I have made it a point to examine just about every model of GA aircraft with slats on them, and read up as much as I can digest on the design and placement of slats. Conclusion for the CH 801: Unless doing STOL competition, take them off and install VGS. The fixed slats on the CH801 only reduced stall by 1.5 knots compared to without (but with VGs installed)and I picked up a whopping big 12 KTAS in cruise at same power setting and added about 200 fpm ROC. I have done this on both of my 801s with the same results. And you get a gentler stall.
Fixed slats are by their nature a compromise. The 801 slat bottom edge is about flush with the bottom edged of the wing instead of about 1 to 1.5 inches below the bottom edge of the wing as they are on all the retractable ones I have looked at and as all the design literature indicates. Thus you really don't get the radical STOL improvement that you could be getting from properly deployed slats. And you get a lot of parasitic drag in cruise. Also the retracted slat designs I have seen present a sharper, lower drag leading edge profile. They cruise faster with retracted slats than the same wing with no slats.

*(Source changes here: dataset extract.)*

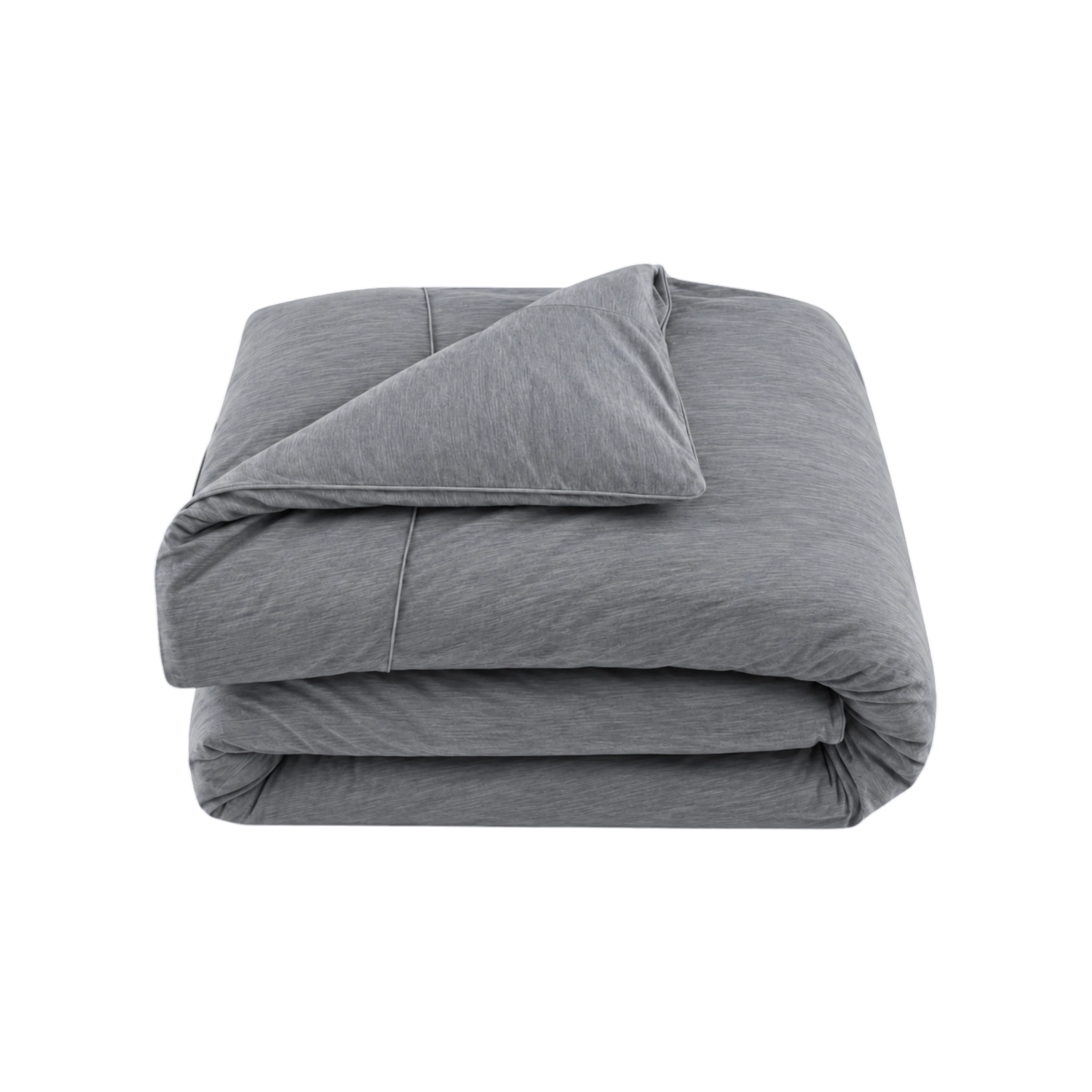 Merino Duvet Cover Queen Granite grey, folded merino wool and bamboo jersey duvet cover with soft drape, tailored stitching and self-fabric piping.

On my second 801, the slats were rigged just a fraction low. STOL performance noticeably better than in factory spec location. BUT, the drag in cruise was noticeably higher, and as you approached cruising speed it got unstable in pitch, wanting to "tuck" the nose and was very vague on the stick (like a plane flying too far aft of CG limit). Decidedly not the way to fly it.
This summer I plan to re-mount my slats in several locations from full back and tight against the leading edge and sealed, to forward and down to 1" or more below the bottom surface of the wing. I will share the flight test data. If it works as expected the challenge is going to be to come up with the simplest way possible to modify the stock slats to retract and deploy. Not going to rest until the 801 approaches the performance of the SuperSTOL. It has the potential to be really great not just good.
Shay King
looking forward to hearing the results too.
May 7, 2017
Daniel Niendorff
May 7, 2017
Timothy Aanerud
Since the title is retractable slats, what other aircraft have had retractable slats?